Verify audit record packages by confirming the contents
of the checksum file. A checksum file is included with each audit
record package to confirm that the package is valid and not corrupted.
Before you begin
Download the audit record package that you want to verify
from the console or
the external storage server.
You must be assigned the Auditing role with permission to View all auditing reports (Read-only) to perform these steps.
About this task
These steps also require use of base64 and openssl commands.
Procedure
- Obtain the public key for the audit record package from
the following URL: https://[PureApp server hostname
or IP address]/audit/resources/recordpackages?server_public_key,
where [server hostname or IP address] is the Cloud Pak System Software server
name or IP address.
- Save the public key information as a text file.

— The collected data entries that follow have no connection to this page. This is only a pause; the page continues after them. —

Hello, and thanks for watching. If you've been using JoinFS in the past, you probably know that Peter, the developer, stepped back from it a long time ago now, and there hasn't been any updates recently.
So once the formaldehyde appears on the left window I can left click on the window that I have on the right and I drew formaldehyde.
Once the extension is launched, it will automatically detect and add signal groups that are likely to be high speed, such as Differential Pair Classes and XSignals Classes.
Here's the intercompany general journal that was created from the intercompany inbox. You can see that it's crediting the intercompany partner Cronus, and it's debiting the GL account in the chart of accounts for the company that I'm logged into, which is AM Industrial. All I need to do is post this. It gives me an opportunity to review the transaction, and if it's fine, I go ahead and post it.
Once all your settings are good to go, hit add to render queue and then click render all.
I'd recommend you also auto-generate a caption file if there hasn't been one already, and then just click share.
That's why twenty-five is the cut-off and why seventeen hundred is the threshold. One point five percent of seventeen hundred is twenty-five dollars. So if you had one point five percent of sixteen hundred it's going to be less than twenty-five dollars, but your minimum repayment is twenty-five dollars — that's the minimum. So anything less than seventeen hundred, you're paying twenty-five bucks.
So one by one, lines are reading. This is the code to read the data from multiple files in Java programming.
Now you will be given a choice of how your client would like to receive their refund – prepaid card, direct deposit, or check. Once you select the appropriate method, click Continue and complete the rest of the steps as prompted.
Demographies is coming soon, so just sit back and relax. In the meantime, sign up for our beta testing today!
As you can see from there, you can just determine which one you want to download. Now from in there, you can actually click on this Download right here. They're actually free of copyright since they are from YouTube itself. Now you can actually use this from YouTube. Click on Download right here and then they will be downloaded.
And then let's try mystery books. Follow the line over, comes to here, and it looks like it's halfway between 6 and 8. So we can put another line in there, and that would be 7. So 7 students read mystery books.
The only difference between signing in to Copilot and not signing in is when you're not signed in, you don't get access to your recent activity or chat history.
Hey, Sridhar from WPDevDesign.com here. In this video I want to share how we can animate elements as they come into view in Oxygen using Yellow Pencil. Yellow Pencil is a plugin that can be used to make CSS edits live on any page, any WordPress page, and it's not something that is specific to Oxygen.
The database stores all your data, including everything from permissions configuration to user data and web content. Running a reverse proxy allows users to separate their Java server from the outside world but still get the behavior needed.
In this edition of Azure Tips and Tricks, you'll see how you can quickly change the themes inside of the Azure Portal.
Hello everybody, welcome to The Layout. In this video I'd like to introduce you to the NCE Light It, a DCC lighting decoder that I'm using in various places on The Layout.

- Extract the comma-separated values (CSV) file and the checksum
file from the audit record package compressed file.
- Enter the base64 command to decode the
checksum file:
# cat puresystems-auto-audit-XXX.checksum | base64 --decode > decoded-puresystems-auto-audit-XXX.checksum
- Enter the openssl command to verify
the audit records:
# openssl dgst -sha512 -verify [publicKeyFile] -signature [decoded(checksum)File] [messageFile]
where
[messageFile] is
the CSV file that you extracted from the audit record compressed file.